/oshun

Declarative data validation for variables and subroutines

Primary LanguagePerlOtherNOASSERTION

Not So Quick Start

Here's the full spec. It's very long and much of the current discussion is in Discussions.

Primary change from spec might be to use established my TYPE VARLIST syntax from perldoc -f my instead of attributes.

This is Oshun

Oshun is a Nigerian Yoruba river deity. She is a protector, a savior.

She will protect your data.

In software terms:

sub fibonacci :returns(UINT) ($nth :of(PositiveInt)) {
    ...
}

Note: do not worry about that syntax. It's not real. It's just a placeholder for whatever will be agreed upon. We'll get to that later.

Oshun is not a module to be installed (though there is code and almost 200K tests). Instead, it's intended to be a specification like Corinna, with the goal of seeing if we can get it into the Perl core.

History

In December of 2022, I again wrote about a type system for Perl. I've done this before and the discussion is usually positive, though given that we're a community, there are those who disagree with the need to have them.

Shortly thereafter, Damian Conway and I started talking and he shared a private gist with me. It was an incredibly detailed plan for runtime data checks. (The term "type" is avoided because of the baggage it carries). A few others were quietly invited to the conversation.

We spent a few months discussing this and he wrote a prototype, which is the code in this repository. The protoype is ALPHA code and absolutely should not be used in production. Instead, it's a proof of concept to explore the problem space. It's also a way to get feedback from the community, which is why this repository is here.

After a few months of discussion, Damian rewrote that gist. It covers the full spec, but it's long and daunting. I'll just touch on key points here.

Note: Damian regrets that, for personal reasons, he is not able to continue working on Oshun at this time. He might answer questions, but he does not have much free time available right now.

Why "data checks"?

We're not using the word "type" because:

  1. Computer scientists have reasonable differences about what they want from a type system
  2. Computer programmers have screaming matches

We'd like to avoid screaming matches.

What I want out a "type system" is probably not feasible in Perl and certainly won't match everyone's expectations. So we've taken a look at what Perl developers currently do. Type::Tiny and Moose (and Moo) are heavy inspirations for this work. We also looked at Dios, Zydeco, Raku, and other languages for inspiration, but mostly this matches what Perl is doing today, keeping in mind that popular systems are working within the limitation of Perl. Just as Corinna is better because Sawyer X told me to design something great and not worry about Perl's current limitations, so are data checks designed to give us what we want without worrying about Perl's limitations.

What we need to design

There are two aspects of data checks: syntax and semantics. Obviously these are tightly coupled, but we can discuss them separately. If we can get basic agreement on the syntax and core semantics (there will always be edge cases), then we can move forward on writing up the full specification.

Syntax

The syntax is probably the hard part. The initial design was made on the possibly unfounded assumption that P5P would reject any syntax which might impact existing code. This is why we have the :returns and :of keywords. perldoc -f my has the following:

    my VARLIST
    my TYPE VARLIST
    my VARLIST : ATTRS
    my TYPE VARLIST : ATTRS

We very much want that TYPE syntax. Fortunately, because data checks are lexically scoped and not global, it turns out that we probably can have the type TYPE syntax, but we need to be careful.

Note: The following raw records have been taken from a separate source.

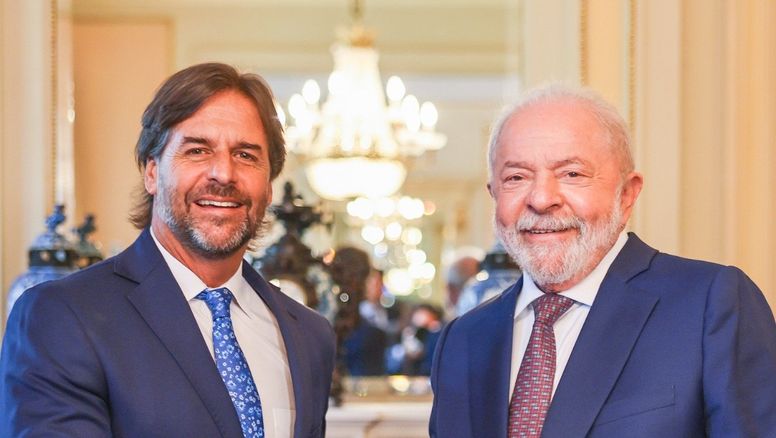 Lula da Silva, acuerdo con la Unión Europea y una puñalada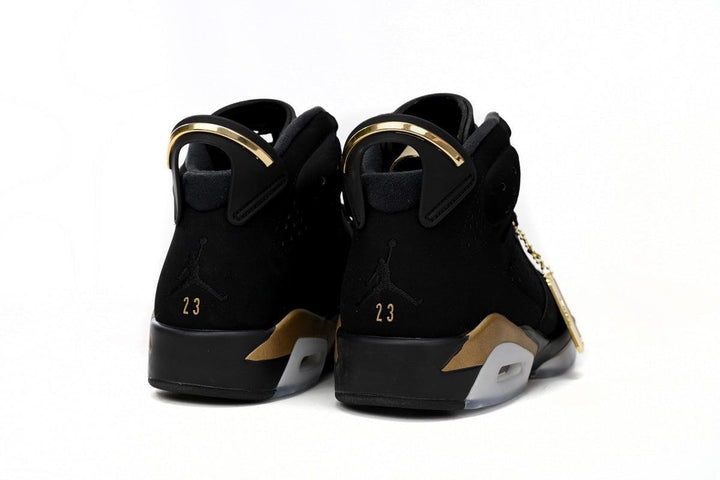 Air Jordan 6 Retro &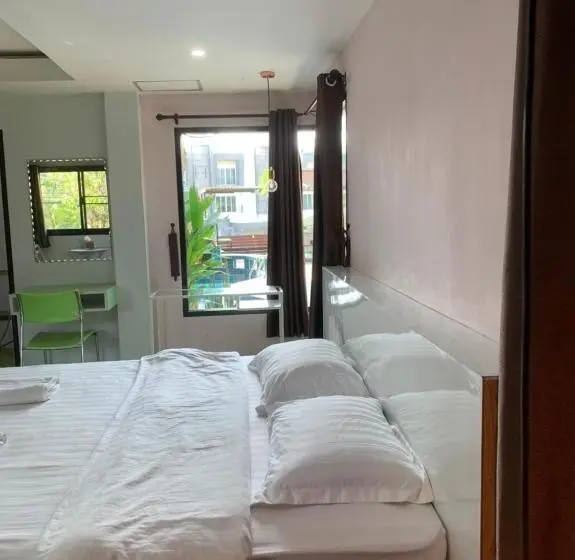 プールビュースタンダードルーム, Bkl Pool Villa Pattaya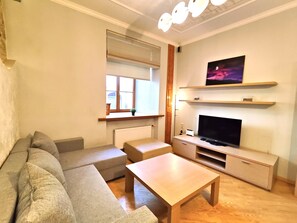 TV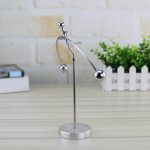 Oggetto scientifico in metallo, decorativo e da collezione, rappresenta un modello di equilibrio con sfere metalliche, ideale come decorazione per appassionati di scienza e design.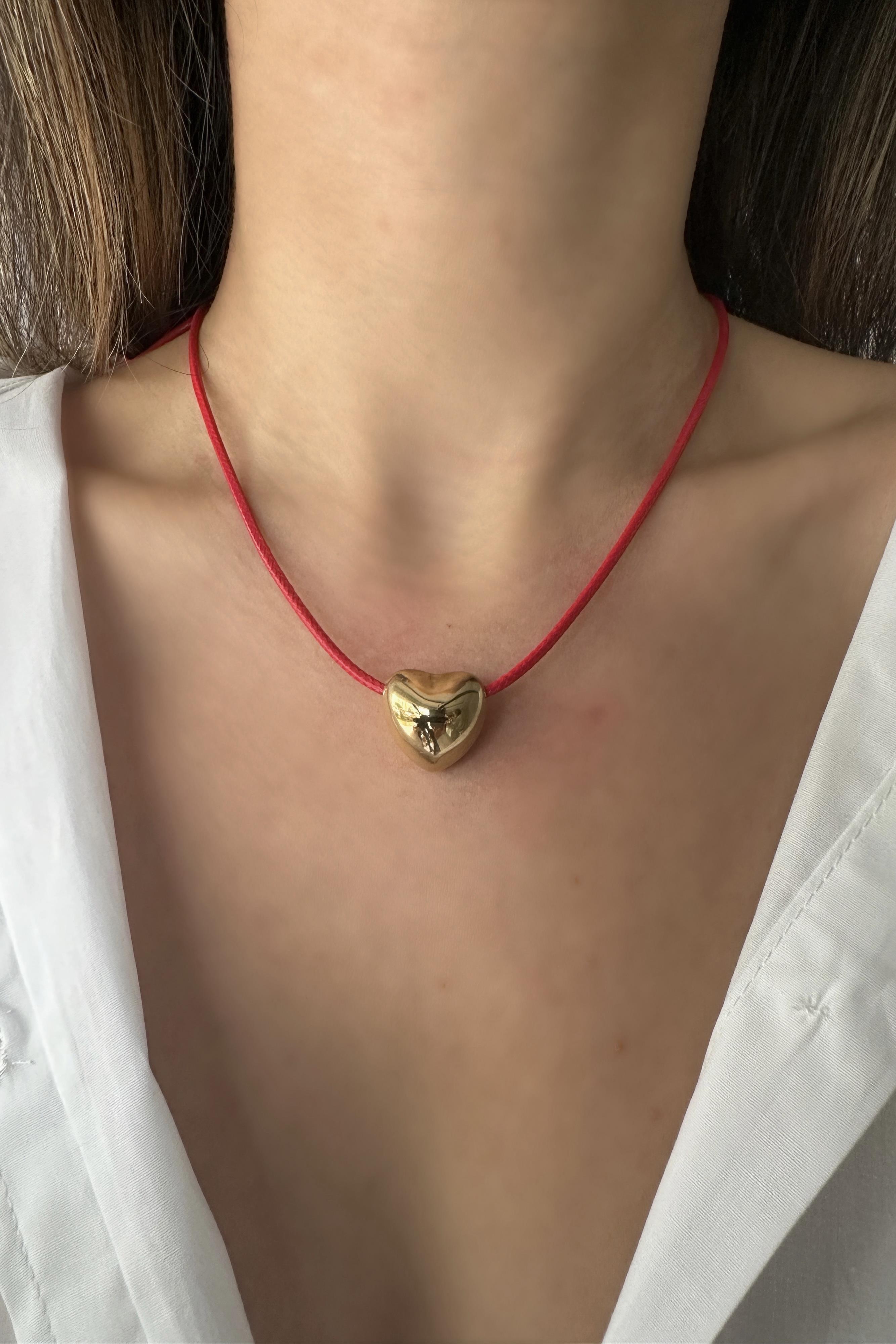 KIRMIZI İPLİ KALP KOLYE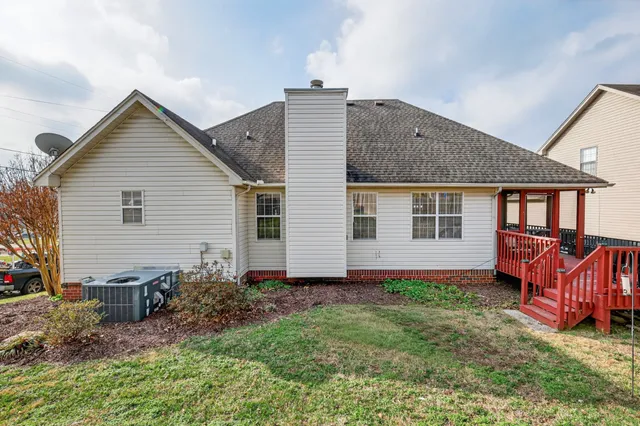 $450,000 | 136 Holt Hills Road, Nashville, TN 37211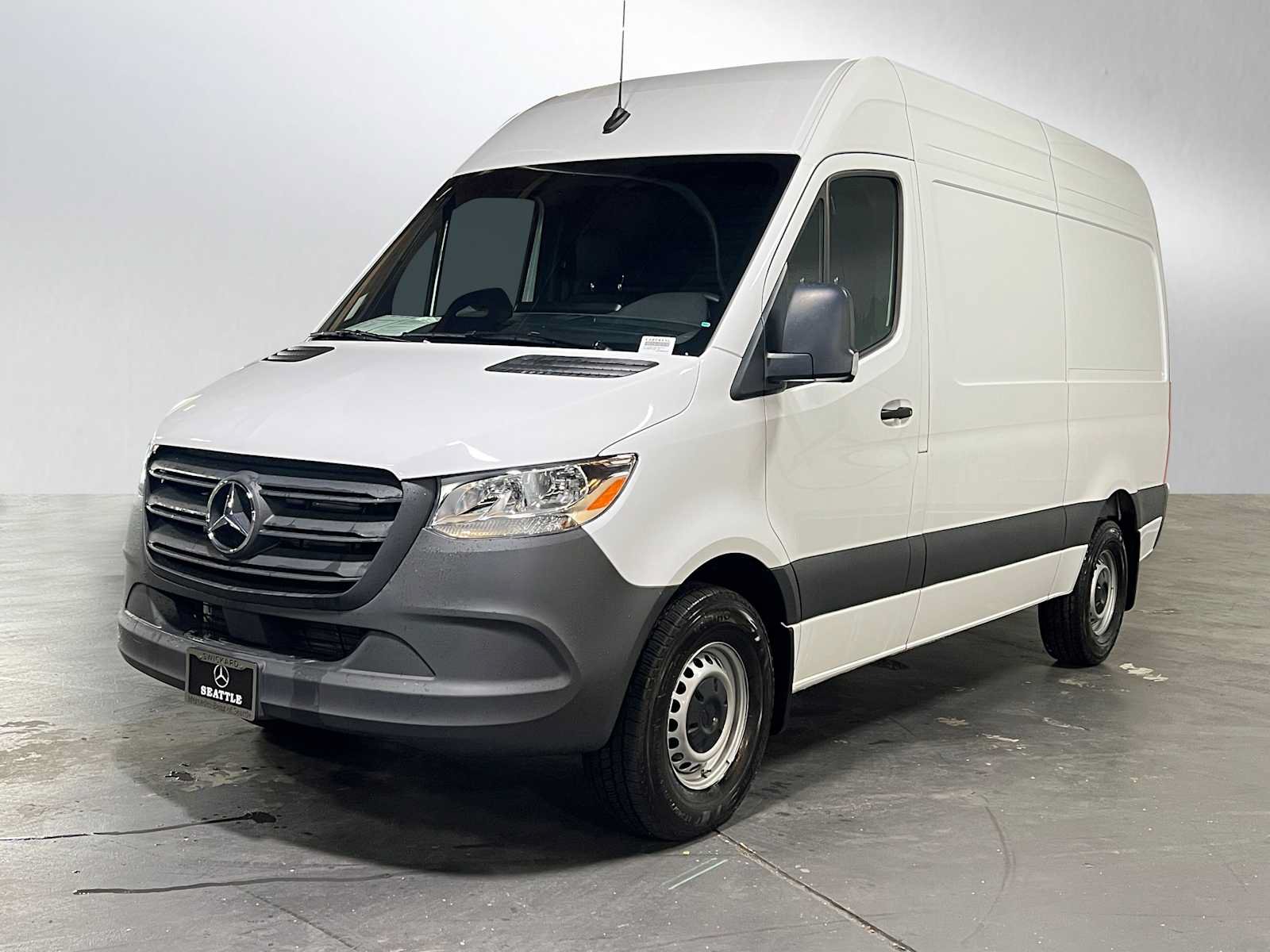 Used 2025 Mercedes-Benz Sprinter 2500 image 7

So we have the following syntax:

sub fibonacci :returns(UINT) ($nth :of(PositiveInt)) {
    ...
}

But let's dig in. We'll consider naming and declaration separately.

Naming

We have two kinds of data check declarations: built-in and user-defined. Built-in checks were defined as all uppercase: INT, ARRAY, HASH, etc. The reason is this problem:

sub f_to_c :returns(NUM) ($f :of(NUM)) {...}

f_to_c(32) returns 0. f_to_c(-1000) returns -573.333333333333.

However, that doesn't really make sense, since that's below absolute zero. So we have user-defined checks:

check Celsius    :isa(NUM[-273.15..inf]);
check Fahrenheit :isa(NUM[−459.67..inf]);

Which gives us a much safer, and self-documenting signature:

sub f_to_c :returns(Celsius) ($f :of(Fahrenheit) {...}

Now, if you discover that your user-defined check is wrong, you can fix it and it will be globally applied. This is a huge win (er, except when your code doesn't really match the check).

UPPER-CASE CHECKS were designed to be a subtle disaffordance to encourage people to write custom checks that more accurately reflect their intent.

They also clearly distinguished between built-in and user-defined checks.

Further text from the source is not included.